Single Hand Figure 8
Stand tall and bend your right arm 90 degrees while making a tight fist. Moving from left to right, draw a horizontal figure 8, keeping your elbow slightly bent and your hands between your waist and shoulders. As you move your hand across your body to the left, your palm should be slightly rotated and facing the ground. When you change direction to the right, rotate your palm so it’s facing up. When this pattern feels comfortable, hold both handles of a jump rope in one hand and perform the movement. The rope should hit with the ground between your feet. Do all reps, and then switch sides.
Race and Chase
Stand tall with your feet shoulder-width apart. Grab a jump-rope handle in each hand, and cross your right wrist over your left. Perform the same movement as the single-hand figure 8, but alternate snapping the rope about 6 to 12 inches in front of and outside your left and right foot (instead of between your feet).
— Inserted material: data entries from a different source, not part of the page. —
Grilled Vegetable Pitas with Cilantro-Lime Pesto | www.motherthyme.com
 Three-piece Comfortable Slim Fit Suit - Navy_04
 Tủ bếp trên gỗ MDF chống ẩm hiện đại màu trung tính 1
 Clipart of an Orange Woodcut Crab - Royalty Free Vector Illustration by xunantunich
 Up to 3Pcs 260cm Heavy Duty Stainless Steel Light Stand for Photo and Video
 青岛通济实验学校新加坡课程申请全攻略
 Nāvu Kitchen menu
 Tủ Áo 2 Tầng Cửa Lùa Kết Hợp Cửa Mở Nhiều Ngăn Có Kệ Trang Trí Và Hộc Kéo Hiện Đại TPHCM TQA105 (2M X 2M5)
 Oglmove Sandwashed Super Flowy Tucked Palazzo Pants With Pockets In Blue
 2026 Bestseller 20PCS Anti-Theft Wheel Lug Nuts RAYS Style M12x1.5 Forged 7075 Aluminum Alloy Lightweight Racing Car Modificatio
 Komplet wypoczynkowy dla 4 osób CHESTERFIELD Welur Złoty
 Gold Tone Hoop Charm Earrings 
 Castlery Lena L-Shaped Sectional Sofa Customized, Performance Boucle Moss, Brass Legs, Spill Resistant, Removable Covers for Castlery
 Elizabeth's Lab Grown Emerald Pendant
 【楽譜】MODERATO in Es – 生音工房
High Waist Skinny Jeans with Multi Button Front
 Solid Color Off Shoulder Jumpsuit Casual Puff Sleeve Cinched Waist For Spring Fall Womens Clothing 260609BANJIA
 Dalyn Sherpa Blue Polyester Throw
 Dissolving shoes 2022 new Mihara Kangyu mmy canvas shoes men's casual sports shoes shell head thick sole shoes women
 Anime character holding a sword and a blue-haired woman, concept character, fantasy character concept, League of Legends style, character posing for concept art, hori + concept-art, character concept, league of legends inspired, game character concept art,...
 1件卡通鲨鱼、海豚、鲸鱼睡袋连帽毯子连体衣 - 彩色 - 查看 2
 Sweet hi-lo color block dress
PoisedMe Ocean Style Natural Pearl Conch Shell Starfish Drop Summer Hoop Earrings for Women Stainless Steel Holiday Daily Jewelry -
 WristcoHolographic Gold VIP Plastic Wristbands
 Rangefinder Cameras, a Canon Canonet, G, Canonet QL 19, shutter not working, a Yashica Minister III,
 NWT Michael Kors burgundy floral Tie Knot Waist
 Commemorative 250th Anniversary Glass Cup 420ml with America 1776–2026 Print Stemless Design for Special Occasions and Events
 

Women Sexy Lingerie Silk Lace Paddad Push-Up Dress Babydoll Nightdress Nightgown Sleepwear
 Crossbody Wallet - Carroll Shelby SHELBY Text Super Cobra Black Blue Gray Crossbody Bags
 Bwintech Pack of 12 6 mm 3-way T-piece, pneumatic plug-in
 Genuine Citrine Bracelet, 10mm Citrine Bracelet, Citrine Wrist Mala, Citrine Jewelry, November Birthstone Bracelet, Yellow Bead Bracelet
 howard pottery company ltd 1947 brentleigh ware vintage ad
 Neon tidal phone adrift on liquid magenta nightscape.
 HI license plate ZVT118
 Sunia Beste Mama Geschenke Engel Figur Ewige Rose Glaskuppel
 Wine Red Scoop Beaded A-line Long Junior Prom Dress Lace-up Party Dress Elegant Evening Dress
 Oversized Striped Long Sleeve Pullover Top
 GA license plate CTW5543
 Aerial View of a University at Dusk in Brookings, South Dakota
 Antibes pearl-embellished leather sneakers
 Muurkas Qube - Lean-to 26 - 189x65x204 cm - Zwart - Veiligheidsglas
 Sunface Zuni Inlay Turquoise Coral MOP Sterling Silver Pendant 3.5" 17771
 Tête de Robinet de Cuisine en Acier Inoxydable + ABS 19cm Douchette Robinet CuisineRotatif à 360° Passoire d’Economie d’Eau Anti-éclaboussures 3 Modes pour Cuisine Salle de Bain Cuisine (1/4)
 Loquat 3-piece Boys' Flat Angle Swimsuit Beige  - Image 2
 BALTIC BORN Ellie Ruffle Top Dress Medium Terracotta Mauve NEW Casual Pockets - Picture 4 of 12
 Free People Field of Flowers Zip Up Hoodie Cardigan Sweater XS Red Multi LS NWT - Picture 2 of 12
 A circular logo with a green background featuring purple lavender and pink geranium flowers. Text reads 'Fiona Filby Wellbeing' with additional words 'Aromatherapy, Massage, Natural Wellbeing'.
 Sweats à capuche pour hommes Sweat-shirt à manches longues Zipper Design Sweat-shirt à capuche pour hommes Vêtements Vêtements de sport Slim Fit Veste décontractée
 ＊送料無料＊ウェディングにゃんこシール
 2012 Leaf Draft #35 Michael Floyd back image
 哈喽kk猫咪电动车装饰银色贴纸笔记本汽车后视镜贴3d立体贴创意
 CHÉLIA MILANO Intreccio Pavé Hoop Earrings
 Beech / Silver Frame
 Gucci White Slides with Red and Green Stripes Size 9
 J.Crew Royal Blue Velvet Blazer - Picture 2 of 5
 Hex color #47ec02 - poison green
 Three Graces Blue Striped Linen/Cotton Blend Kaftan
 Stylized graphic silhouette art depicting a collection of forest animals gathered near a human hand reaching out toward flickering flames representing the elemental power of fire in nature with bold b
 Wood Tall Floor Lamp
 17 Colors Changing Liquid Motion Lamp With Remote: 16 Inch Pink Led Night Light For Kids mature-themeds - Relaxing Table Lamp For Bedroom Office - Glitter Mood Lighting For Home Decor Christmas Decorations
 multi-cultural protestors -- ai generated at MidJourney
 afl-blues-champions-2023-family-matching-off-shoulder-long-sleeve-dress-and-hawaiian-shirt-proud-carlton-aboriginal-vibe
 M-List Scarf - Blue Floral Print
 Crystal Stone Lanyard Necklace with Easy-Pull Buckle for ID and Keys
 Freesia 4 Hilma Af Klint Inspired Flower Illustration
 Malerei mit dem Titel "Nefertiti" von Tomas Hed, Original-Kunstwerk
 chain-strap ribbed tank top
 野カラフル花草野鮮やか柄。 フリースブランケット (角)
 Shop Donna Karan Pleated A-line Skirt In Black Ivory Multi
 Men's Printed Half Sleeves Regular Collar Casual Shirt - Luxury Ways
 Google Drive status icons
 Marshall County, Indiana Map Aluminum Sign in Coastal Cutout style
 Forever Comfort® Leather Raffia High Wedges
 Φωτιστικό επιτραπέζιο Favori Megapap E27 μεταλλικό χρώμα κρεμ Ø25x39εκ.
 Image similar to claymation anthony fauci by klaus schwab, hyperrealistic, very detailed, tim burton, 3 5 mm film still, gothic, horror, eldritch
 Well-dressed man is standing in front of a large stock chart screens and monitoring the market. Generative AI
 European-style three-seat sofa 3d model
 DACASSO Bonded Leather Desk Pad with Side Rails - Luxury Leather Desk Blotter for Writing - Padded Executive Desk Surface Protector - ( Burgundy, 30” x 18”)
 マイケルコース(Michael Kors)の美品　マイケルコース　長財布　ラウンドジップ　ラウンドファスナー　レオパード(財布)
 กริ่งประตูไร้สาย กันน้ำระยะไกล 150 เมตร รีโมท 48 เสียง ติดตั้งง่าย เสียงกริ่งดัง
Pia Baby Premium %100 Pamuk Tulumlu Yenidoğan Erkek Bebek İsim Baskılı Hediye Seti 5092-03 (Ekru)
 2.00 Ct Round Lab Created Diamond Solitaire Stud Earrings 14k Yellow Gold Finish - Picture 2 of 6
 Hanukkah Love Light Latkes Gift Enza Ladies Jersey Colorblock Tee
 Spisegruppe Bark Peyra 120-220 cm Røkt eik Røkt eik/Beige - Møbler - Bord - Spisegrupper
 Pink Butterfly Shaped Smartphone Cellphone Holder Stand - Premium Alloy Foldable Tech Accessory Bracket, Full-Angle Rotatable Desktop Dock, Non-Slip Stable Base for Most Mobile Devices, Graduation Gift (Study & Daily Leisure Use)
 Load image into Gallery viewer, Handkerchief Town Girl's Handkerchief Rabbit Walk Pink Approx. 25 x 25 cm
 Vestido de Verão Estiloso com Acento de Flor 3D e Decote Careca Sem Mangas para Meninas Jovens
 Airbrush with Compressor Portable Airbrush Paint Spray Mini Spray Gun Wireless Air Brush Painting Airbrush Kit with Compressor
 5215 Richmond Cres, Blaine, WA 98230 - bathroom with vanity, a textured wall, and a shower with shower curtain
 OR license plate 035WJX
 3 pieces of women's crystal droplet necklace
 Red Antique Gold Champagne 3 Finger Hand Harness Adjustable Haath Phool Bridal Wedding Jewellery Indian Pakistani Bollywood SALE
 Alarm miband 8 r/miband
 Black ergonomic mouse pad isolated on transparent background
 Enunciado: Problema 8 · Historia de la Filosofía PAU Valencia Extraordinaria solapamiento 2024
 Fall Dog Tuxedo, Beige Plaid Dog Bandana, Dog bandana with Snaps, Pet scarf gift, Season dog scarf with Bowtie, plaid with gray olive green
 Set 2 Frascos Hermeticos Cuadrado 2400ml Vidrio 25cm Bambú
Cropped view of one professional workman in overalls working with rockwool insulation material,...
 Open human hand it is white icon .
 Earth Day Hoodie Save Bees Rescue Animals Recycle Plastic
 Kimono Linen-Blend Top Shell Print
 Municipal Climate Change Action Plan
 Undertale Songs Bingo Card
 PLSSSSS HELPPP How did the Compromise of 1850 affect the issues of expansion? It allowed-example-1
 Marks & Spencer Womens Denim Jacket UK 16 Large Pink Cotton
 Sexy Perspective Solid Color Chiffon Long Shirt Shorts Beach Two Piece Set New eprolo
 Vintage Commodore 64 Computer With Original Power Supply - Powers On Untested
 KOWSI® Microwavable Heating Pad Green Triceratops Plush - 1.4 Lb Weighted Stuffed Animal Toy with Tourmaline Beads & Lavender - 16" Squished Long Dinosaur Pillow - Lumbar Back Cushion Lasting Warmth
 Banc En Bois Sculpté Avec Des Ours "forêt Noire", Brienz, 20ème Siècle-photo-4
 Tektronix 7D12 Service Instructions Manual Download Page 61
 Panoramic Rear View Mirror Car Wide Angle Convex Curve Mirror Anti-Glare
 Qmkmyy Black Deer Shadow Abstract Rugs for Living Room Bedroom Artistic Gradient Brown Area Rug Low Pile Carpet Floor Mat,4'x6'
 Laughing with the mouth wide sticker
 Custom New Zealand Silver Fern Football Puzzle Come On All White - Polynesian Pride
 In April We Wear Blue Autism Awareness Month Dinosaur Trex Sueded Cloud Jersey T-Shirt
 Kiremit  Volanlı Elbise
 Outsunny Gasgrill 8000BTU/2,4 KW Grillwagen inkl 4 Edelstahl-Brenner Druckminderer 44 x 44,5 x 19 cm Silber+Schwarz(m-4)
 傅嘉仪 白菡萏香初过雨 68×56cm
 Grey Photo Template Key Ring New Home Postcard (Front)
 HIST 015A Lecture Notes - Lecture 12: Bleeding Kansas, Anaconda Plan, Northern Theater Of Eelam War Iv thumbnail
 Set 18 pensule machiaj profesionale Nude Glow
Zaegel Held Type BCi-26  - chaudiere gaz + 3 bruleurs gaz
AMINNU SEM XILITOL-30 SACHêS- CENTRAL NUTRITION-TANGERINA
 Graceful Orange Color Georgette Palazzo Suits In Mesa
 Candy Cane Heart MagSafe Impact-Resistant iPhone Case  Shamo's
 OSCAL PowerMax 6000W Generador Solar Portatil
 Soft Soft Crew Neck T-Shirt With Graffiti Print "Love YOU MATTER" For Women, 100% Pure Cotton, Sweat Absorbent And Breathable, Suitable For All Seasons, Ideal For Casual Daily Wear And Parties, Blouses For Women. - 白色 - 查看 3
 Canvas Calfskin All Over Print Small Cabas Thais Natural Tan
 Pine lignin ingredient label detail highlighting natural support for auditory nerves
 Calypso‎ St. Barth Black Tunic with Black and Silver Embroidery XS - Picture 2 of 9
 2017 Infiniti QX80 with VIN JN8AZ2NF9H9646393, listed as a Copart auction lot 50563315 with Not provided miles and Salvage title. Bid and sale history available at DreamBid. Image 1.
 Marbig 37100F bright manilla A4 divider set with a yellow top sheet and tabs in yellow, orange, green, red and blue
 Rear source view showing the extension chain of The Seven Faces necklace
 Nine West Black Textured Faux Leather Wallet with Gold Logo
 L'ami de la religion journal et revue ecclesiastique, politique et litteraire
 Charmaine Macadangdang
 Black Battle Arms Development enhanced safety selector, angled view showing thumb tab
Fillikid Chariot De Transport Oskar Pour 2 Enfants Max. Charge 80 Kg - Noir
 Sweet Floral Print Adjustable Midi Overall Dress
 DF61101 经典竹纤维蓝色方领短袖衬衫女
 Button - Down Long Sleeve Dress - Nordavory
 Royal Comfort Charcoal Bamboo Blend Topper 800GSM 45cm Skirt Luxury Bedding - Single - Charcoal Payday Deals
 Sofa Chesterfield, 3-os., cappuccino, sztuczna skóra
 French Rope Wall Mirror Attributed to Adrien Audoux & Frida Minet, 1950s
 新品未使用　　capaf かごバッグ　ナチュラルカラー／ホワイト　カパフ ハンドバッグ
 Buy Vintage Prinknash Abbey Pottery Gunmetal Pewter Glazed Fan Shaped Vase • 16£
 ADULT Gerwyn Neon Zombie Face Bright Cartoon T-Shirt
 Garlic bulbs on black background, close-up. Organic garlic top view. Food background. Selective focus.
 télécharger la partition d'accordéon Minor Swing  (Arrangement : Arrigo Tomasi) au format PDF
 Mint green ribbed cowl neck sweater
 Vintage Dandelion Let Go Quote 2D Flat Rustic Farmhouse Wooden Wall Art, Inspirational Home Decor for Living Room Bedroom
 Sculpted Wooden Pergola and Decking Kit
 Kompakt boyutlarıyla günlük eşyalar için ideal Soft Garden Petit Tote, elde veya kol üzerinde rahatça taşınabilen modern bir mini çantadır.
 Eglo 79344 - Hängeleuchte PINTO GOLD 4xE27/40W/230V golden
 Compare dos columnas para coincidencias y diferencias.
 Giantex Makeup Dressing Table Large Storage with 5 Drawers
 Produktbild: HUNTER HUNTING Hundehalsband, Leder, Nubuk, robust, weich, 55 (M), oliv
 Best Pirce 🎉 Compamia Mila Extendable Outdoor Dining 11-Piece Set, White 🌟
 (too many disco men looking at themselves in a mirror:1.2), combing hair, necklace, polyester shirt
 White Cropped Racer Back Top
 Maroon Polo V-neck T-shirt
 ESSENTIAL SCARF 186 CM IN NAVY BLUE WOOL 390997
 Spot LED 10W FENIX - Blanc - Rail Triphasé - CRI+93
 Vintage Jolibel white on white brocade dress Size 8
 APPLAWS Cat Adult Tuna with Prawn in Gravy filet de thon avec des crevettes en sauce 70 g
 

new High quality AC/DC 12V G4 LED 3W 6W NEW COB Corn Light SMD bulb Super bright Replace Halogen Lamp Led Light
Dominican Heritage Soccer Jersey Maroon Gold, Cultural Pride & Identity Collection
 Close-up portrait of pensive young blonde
Make sure you keep your wrists crossed at all times. As the rope moves in front of your right foot, your right wrist should be turned outward and your left wrist facing inward. As you change direction, the angle of your wrists should alternate. Continue this pattern and try to establish a rhythm.
Perform the same movement used with race and chase. But after the rope makes contact with the ground in front of your left foot, change your hand positioning so that your left hand is on top of your right hand. Then, when you strike the ground in front of your right foot, change your hand positioning so your right wrist is on top again. The idea is that by alternating your hands, your wrists and forearms take turns rotating upward and downward on both sides of your body. (Rope strikes can hurt for all rope drills you might do. Keep the rope away from your toes and the exercise area clear of other people.)
Hold a 4-foot pole horizontally with an overhand grip in front of your body. Your arms should be bent at 90 degrees, with your hands about 6 inches apart. Rotate your torso to the right and then press down with your left hand so that the right end of the stick rises up slightly, toward your right shoulder. Then cross your right arm over your left as your left arm remains in place. Push down slightly on the right end of the stick so that the left end rises up slightly behind your right shoulder. Twist to the left and press the left end down, and rotate back to the starting position. Repeat this in a fluid motion.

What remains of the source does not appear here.